This is optimal: it can be shown by a similar
information-theoretic argument to the one above that sorting $N$
elements in the comparison model requires $\bigOmega{\frac{N}{B}
  \log_{\frac{M}{B}} \frac{N}{B}}$ memory transfers
\cite{DBLP:journals/cacm/AggarwalV88}.

\def\sortingbound{\frac{N}{B} \log_{\frac{M}{B}} \frac{N}{B}}

\subsection{Permutation}
\label{sec:external-memory:permutation}

The permutation problem is, given $N$ elements and a permutation, to
rearrange the elements according to that permutation. We can do this
in $\bigO{N}$ memory transfers by moving each element to its new position,
ignoring locality. We can also solve the problem with
$\bigO{\sortingbound}$ memory transfers by sorting the elements,
sorting the permutation, and then applying the permutation in
reverse. This gives us a bound of
$\bigO{\min\left(N,\;\sortingbound\right)}$.
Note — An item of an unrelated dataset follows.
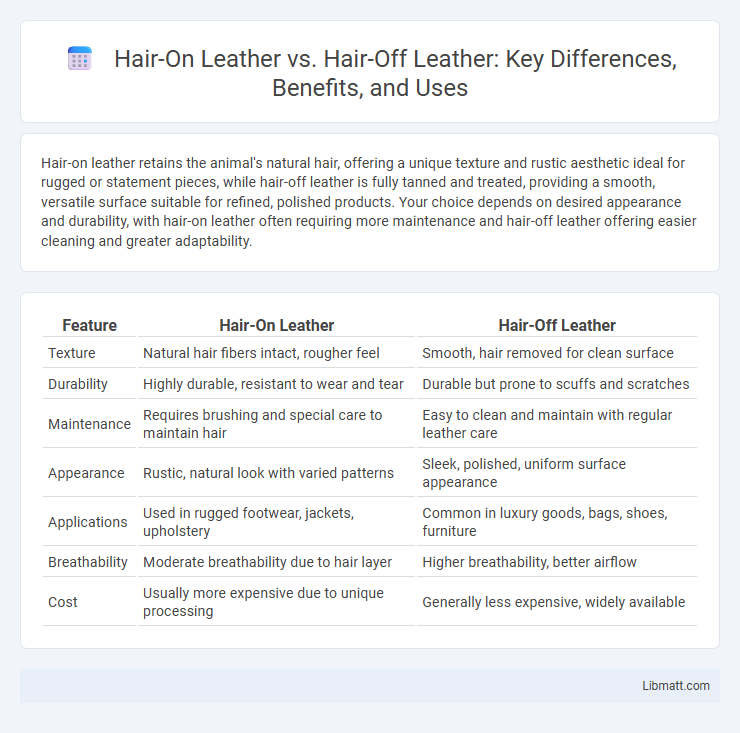 Hair-On Leather vs. Hair-Off Leather: Key Differences, Benefits, and Uses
In the \emph{indivisible model}, where elements cannot be divided
between blocks, there is a matching lower bound. It remains an open
problem whether one can do better in a general model.


\subsection{Buffer Trees}
\label{sec:buffer-trees}

We noted in Section~\ref{sec:external-memory:sorting} that B-trees are
optimal for searching, but cannot be used as the basis for an optimal
sorting algorithm. The buffer tree \cite{arge-buffer-tree} is a data
structure that provides \proc{Insert}, \proc{Delete},
\proc{Delete-Min}, and \proc{Batched-Search} operations using
$O\left(\frac{1}{B} \log_{\frac{M}{B}} \frac{N}{B}\right)$ amortized
memory transfers per operation. (Notice that this bound is usually
$\littleO{1}$, so it has to be amortized!) \proc{Batched-Search} is a
delayed query: it performs a search for a particular value in the tree
as it appears at a particular time, but does not give the results
immediately; they become available later, after other operations have
been performed.


\section{Cache-Oblivious Model}
\label{sec:cache-oblivious}

The cache-oblivious model is a variation of the external-memory model
introduced by Frigo, Leiserson, Prokop, and Ramachandran in
1999~\cite{flpr-cache-oblivious,prokop-meng}. In this model, the
algorithm does not know the size $M$ of its cache, or the block size
$B$. This means that it cannot perform its own memory management,
explicitly performing memory transfers. Instead, algorithms are RAM
algorithms, and block transfers are performed automatically, triggered
by element accesses, using the offline optimal block replacement
strategy. Though the use of the offline optimal block replacement strategy
sounds like it would pose a problem for practical applications, in
fact there are a number of competitive block replacement strategies
(FIFO, LRU, etc.) that are within a factor of 2 of optimal given a
cache of twice the size.

Though the algorithm does not know the size $M$ of its cache, we will
routinely assume that $M \ge c \cdot B$ for any constant $c$,
i.e. that the cache can hold at least $c$ blocks. (In practice,
however, the algorithms we consider will not require $c$ to be very
large at all.)

From a theoretical standpoint, the cache-oblivious model is appealing
because it is very clean. A cache-oblivious algorithm is simply a RAM
algorithm; it is only the analysis that differs. The cache-oblivious
model also works well for multilevel memory hierarchies, unlike the
external-memory model, which only captures a two-level hierarchy.
Since a cache-oblivious algorithm provides the desired result for any
cache size and block size, it will work with \emph{every} cache and
block size at each level of the hierarchy, thus giving the same bound
overall.


\subsection{Survey of Results}
\label{sec:cache-oblivious:survey}


\paragraph{Searching}
A cache-oblivious variant of the B-tree \cite{btree-focs00,
  btree-soda02, btree-soda02-2} provides the \proc{Insert},
\proc{Delete}, and \proc{Search} operations with $\bigO{\log_{B+1} N}$
memory transfers, as in the external-memory model.

\paragraph{Sorting}
As in the external-memory model, sorting $N$ elements can be performed
cache-obliviously using $\bigO{\sortingbound}$ memory transfers
\cite{flpr-cache-oblivious,brodal-fagerberg-icalp}. Note, however,
that this requires the \emph{tall-cache assumption}: that $M =
\bigOmega{B^{1+\epsilon}}$. The external-memory sorting algorithm does
not require this to be the case. In \cite{brodal-fagerberg-stoc}, it
was shown that the tall-cache assumption is necessary.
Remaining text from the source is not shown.